FOX Sports’ Ken Rosenthal is reporting that the Blue Jays and White Sox are close to hammering out a deal that would involve Edwin Jackson and Mark Teahen coming to Toronto, and Jason Frasor and a prospect heading to Chicago.
Update: Jackson is being told by White Sox officials that the deal is official.
Another update: According to Dave Gershman, Moises Sierra is not in the lineup at Double A New Hampshire
Jackson is pretty close to the starting pitching equivalent of Frasor: consistent, yet unspectacular. His repertoire consists of a mid nineties four seamer, a mid nineties two seamer, a really good slider and an average changeup. Jackson’s overuse of his slider has raised warning flags in the past, but he’s thrown 200+ innings the last two seasons and is well on his way to doing so again. He’s a free agent at the end of this season and currently projects to be a Type B (barely).
But Blue Jays fans shouldn’t spend too much time getting to know him. Here’s why:
As an asset, Jackson is most valuable to a team like the St. Louis Cardinals who need a number two or three starter. And as we wait for this deal to be finalized, I’m not alone in imagining that Anthopoulos would be trying to flip Jackson before agreeing to the deal as rumoured.
Giving up Frasor and a prospect, while taking on the $5.5 million that Mark Teahen is owed next year, would all be part of the cost of doing business.
Of course, it’s impossible to bring up St. Louis without mentioning Colby Rasmus, a player who has been shopped around heavily over the last couple days. I hate to raise expectations too highly, especially given the way in which rumours involving the Toronto Blue Jays often seem to have no basis in reality, but Jackson in St. Louis and Rasmus in Toronto seem to be far too good of a fit to not mention the possibility.
It’s very likely that in addition to Jackson, the Blue Jays would throw in another of their right handed relievers (Octavio Dotel, Frank Francisco or Jon Rauch) and another prospect in order to acquire Rasmus. Earlier this week, it was rumoured that the Cardinals and White Sox were talking about a potential deal, and St. Louis’ asking price for the young center fielder was Jackson, Matt Thornton and a prospect.
Not to piss on the parade planned down friggin’ Yonge Street, but we should remember two things: 1) Nothing is for sure yet; and 2) Rasmus isn’t without risk.
As a young center fielder who has experienced success at the Major League level, with both his bat and his glove, Colby Rasmus sounds like a dream acquisition for any organization. However, there are a couple of warning signs that might scare off some suitors looking to compare his fantastic 2010 season (.366 wOBA) with his merely above average 2011 (.329 wOBA).
Most notable is his decreased BABIP (from .354 in 2010 to .291 in 2011) and HR/FB (from 14.8% in 2010 to 8.1% in 2011). While there’s some dispute as to what degree these numbers are associated with luck, a significant change in BABIP is almost always a good indicator of something else happening.

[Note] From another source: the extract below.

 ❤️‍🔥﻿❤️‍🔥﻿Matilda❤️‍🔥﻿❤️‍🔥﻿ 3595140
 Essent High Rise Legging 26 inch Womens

In the case of Rasmus, we can see two things leading to the lower batting average for balls in play: 1) He isn’t hitting the ball as often the opposite way; and 2) he’s getting dummied by changeups low and away far more often than last season (11.9% whiff rate in 2010 compared to a 18.1% whiff rate in 2011 on changeups).
The bad news is that any team acquiring Rasmus has to wonder why St. Louis would doubt his ability to adjust to a seemingly obvious difference in his results at the plate. On the flip side of that coin, if it’s that recognizable, any team acquiring Rasmus would hopefully be aware of it, and thinking that they have the tools to fix it.